EXERCISE GOAL:
Set down each line of the data exactly, but not the pictures.

SOURCE DATA:
=== Begin Enclosure ===

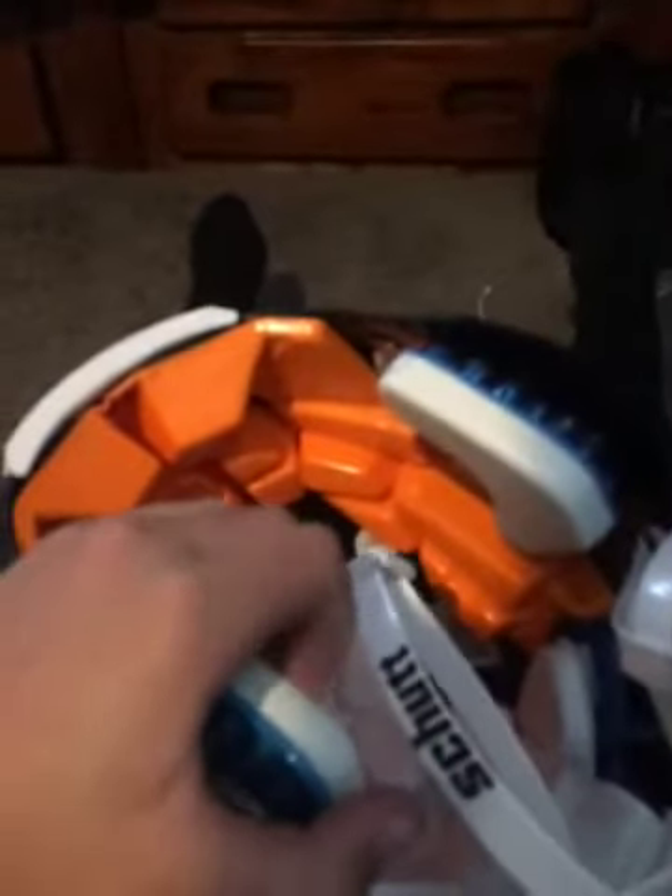All Schutt helmets kind of come with these — unless you don't get the TPU ones, but they usually all come with these earpads. Another good thing about these earpads — it could be a good thing or a bad thing — they're not inflatable. So which means if you get hit on an ear hole or whatever, they won't deflate, so you won't have to inflate them again. That could be a bad thing because it only comes with one size, so if these are bad for you, you can go to Schutt and buy bigger ones or smaller ones, but that could be an issue if you don't want to spend a lot of money.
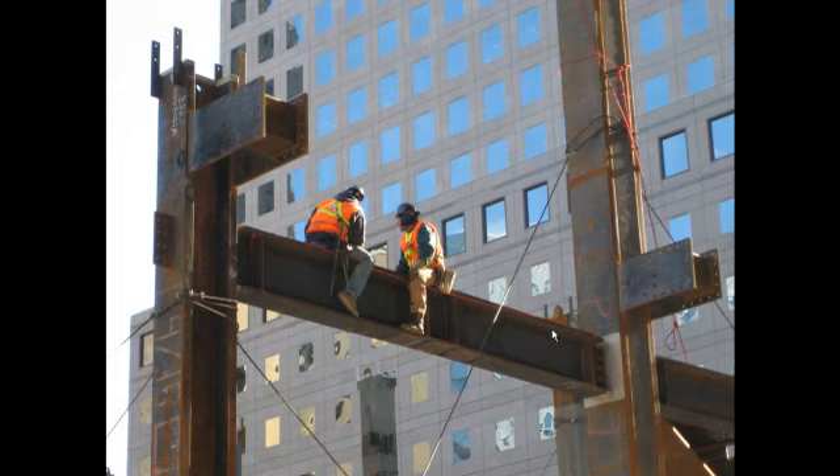This is the Raising Gang. There are usually two people up in the air and several more down in the street, and their job is to get the pieces from the street, put them in place, and usually stuff one or two bolts in the open holes — just enough to secure the members — and then they lift up and set the next piece.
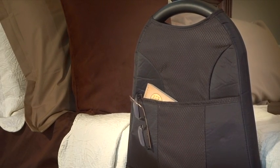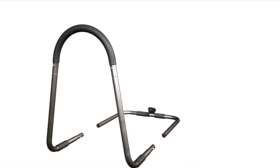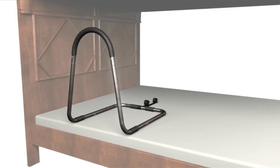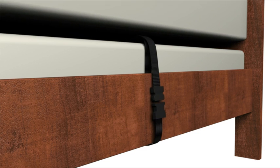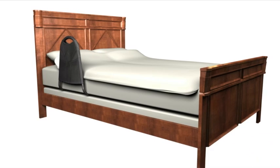The Bedside Mighty Rail weighs less than two pounds and snaps together in seconds without any tools required for fast and easy setup. Simply slide the bed handle in between the mattress and box spring and secure it to the opposite side of the bed with the included safety strap.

=== End Enclosure ===

RESPONSE FOR THIS EXERCISE:
All Schutt helmets kind of come with these — unless you don't get the TPU ones, but they usually all come with these earpads. Another good thing about these earpads — it could be a good thing or a bad thing — they're not inflatable. So which means if you get hit on an ear hole or whatever, they won't deflate, so you won't have to inflate them again. That could be a bad thing because it only comes with one size, so if these are bad for you, you can go to Schutt and buy bigger ones or smaller ones, but that could be an issue if you don't want to spend a lot of money.
This is the Raising Gang. There are usually two people up in the air and several more down in the street, and their job is to get the pieces from the street, put them in place, and usually stuff one or two bolts in the open holes — just enough to secure the members — and then they lift up and set the next piece.
The Bedside Mighty Rail weighs less than two pounds and snaps together in seconds without any tools required for fast and easy setup. Simply slide the bed handle in between the mattress and box spring and secure it to the opposite side of the bed with the included safety strap.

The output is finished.